Ce recueil de Mishima propose lui aussi un voyage, voyage multiple s'il en est, autant dans le Japon immémorial que le Japon moderne caractérisé par un certain éloignement des valeurs et une vulgarité rampante, si l'on en croit l'écrivain. La nouvelle "Pain aux raisins" est un chef-d'oeuvre à ce sujet. La fête est une suite de situations burlesques, d'éléments hétéroclites, fantomatiques, d'un aspect pour le moins inquiétant. La peur monte par la seule description de la nuit qui tombe et des éléments que rien ni personne ne semble pouvoir maîtriser. Après une soirée grotesque, toute de faux-semblants, le personnage principal, tenaillé par la faim, se résout à ingurgiter ce qu'il trouve au fond d'un placard, oublié et passablement moisi, un pain aux raisins, élément culinaire typique de l'Occident.
Dans cette nouvelle comme dans celle intitulé Martyre, l'écriture de Mishima approche par moments le genre du fantastique. Ici, le drame le dispute au cauchemar d'une histoire de vampire. Avec son aspect maladif et lunaire, la jeune victime m'a fait penser à l'un de ces extraordinaires Petits poèmes en prose de Baudelaire : Les Bienfaits de la lune. Je ne résiste pas à la tentation d'ajouter le texte ci-dessous.

Baudelaire a souvent été choisi par Debussy, poète des eaux. C'est justement à Debussy que j'ai pensé en lisant la première nouvelle, Jets d'eau sous la pluie. Dans tous les textes, la beauté de la nature est bouleversante. Nuages, feuillages, lumières, reflets... Hokusai n'est pas loin. Cette beauté contrebalance la bêtise, la bassesse et tout ce qui ruine la soif de beauté de la jeunesse. Avec quelle maestria la nouvelle Ken explore l'ambiance des cours d'arts martiaux, les jeux de pouvoir et les points de rupture. Et que dire du dernier texte du recueil, à la fois combat interne et vital d'une femme effacée, et cours de poésie classique japonaise. Cette femme ordinaire acquiert en quelques heures d'une lutte sans merci la sagesse et la paix.

Même quand elle prend son temps comme dans cette magnifique dernière nouvelle qui donne son titre au recueil, l'écriture est souvent tendue comme un arc. Bien sûr, c'est facile de dire cela quand le drame est arrivé, mais cette écriture d'une extrême tension interne et extrême tension dramatique ne donne pas beaucoup de chance à son auteur de mourir paisiblement dans son lit. Il s'en est peut-être pourtant fallu de peu quand la dernière nouvelle donne tant de lumière au pèlerin des Trois Montagnes.

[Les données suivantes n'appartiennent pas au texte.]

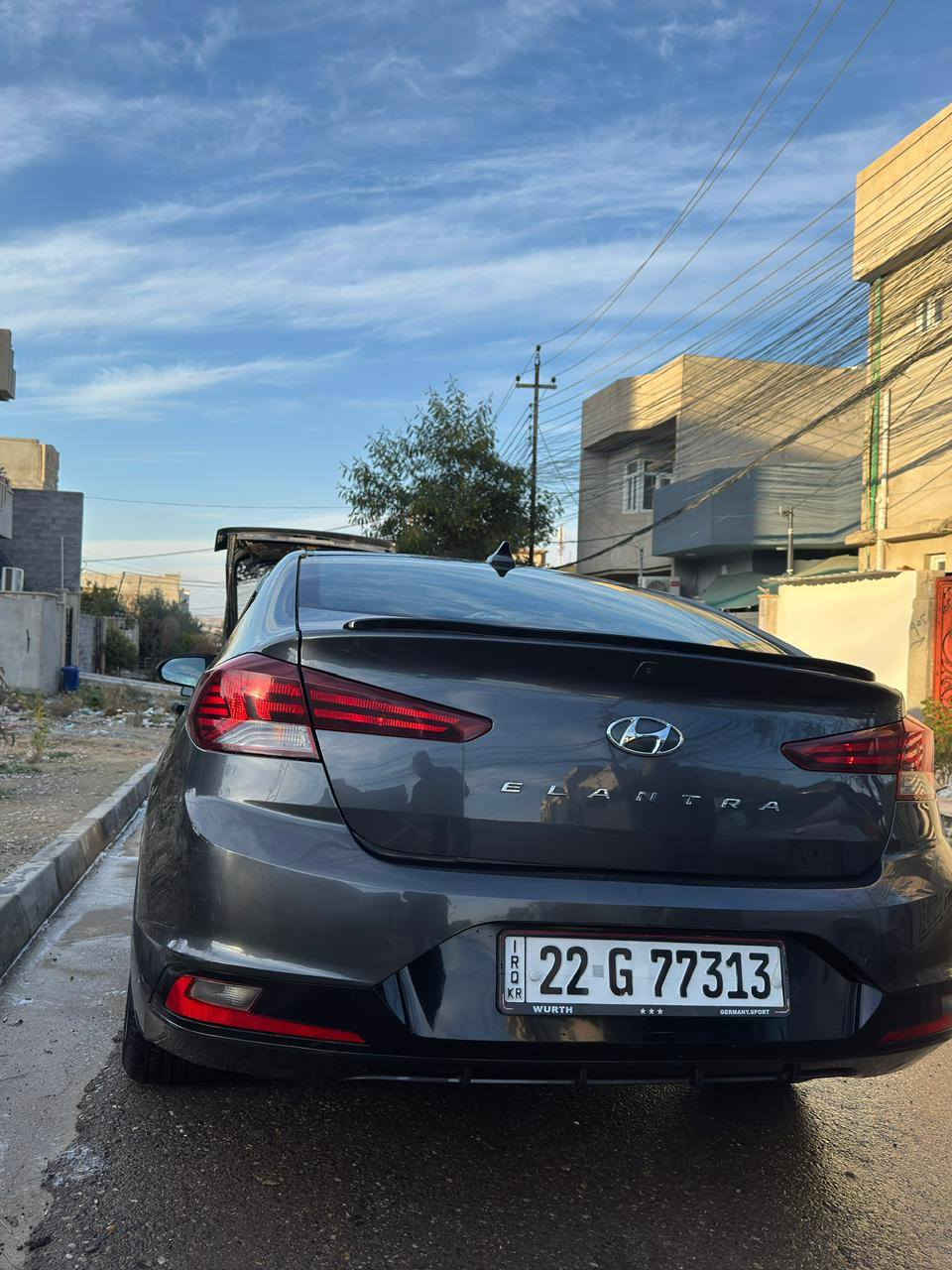النترا 2020 امريكي
السعر 130 وبيها مجال 
الضرر جاملغ بدون دواخل 
موقم اربيل باسمي 
محرك 20 دوش
كير AT
مثبت سرعة
 زر الـ Drive Mode مع اربع وضعيات قيادة
 لايت LED بلادي
مرايا كهربائية
مكان السيارة موصل
للاستفسار
***********
***********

Je termine ce texte en évoquant une partenaire de danse lors du récent stage de danse de la Renaissance italienne. L'un des ateliers que j'avais choisi était celui de danse du 15e siècle avec ses magnifiques balli et contradanse. L'une des danses, la plus longue, nous a été enseignée fort tard et trop rapidement pour moi. Je pataugeais péniblement, écartelée entre l'orgueil m'interdisant de jeter l'éponge et la peur de gêner mes voisins, que ce soit en me retirant ou en restant. Heuseusement, j'avais devant moi celle que j'ai nommée mon ange gardien, Sayaka Kasuya, admirable danseuse classique venue en France pour apprendre la danse ancienne européenne dans le but de créer un centre de danse Renaissance et baroque à Tôkyo. Inoubliable de grâce, de beauté et de réserve ancestrale, Sayaka m'a aidée sans la moindre ostentation, par des regards et des gestes aussi efficaces que discrets. À la japonaise.

Les bienfaits de la lune
La Lune, qui est le caprice même, regarda par la fenêtre pendant que tu dormais dans ton berceau, et se dit: "Cette enfant me plaît." 
   Et elle descendit moelleusement son escalier de nuages et passa sans bruit à travers les vitres. Puis elle s'étendit sur toi avec la tendresse souple d'une mère, et elle déposa ses couleurs sur ta face. Tes prunelles en sont restées vertes, et tes joues extraordinairement pâles. C'est en contemplant cette visiteuse que tes yeux se sont si bizarrement agrandis; et elle t'a si tendrement serrée à la gorge que tu en as gardé pour toujours l'envie de pleurer. 
   Cependant, dans l'expansion de sa joie, la Lune remplissait toute la chambre comme une atmosphère phosphorique, comme un poison lumineux; et toute cette lumière vivante pensait et disait: "Tu subiras éternellement l'influence de mon baiser. Tu seras belle à ma manière. Tu aimeras ce que j'aime et ce qui m'aime: l'eau, les nuages, le silence et la nuit; la mer immense et verte; l'eau uniforme et multiforme; le lieu où tu ne seras pas; l'amant que tu ne connaîtras pas; les fleurs monstrueuses; les parfums qui font délirer; les chats qui se pâment sur les pianos et qui gémissent comme les femmes, d'une voix rauque et douce! 
   "Et tu seras aimée de mes amants, courtisée par mes courtisans. Tu seras la reine des hommes aux yeux verts dont j'ai serré aussi la gorge dans mes caresses nocturnes; de ceux-là qui aiment la mer, la mer immense, tumultueuse et verte, l'eau informe et multiforme, le lieu où ils ne sont pas, la femme qu'ils ne connaissent pas, les fleurs sinistres qui ressemblent aux encensoirs d'une religion inconnue, les parfums qui troublent la volonté, et les animaux sauvages et voluptueux qui sont les emblèmes de leur folie." 
   Et c'est pour cela, maudite chère enfant gâtée, que je suis maintenant couché à tes pieds, cherchant dans toute ta personne le reflet de la redoutable Divinité, de la fatidique marraine, de la nourrice empoisonneuse de tous les lunatiques.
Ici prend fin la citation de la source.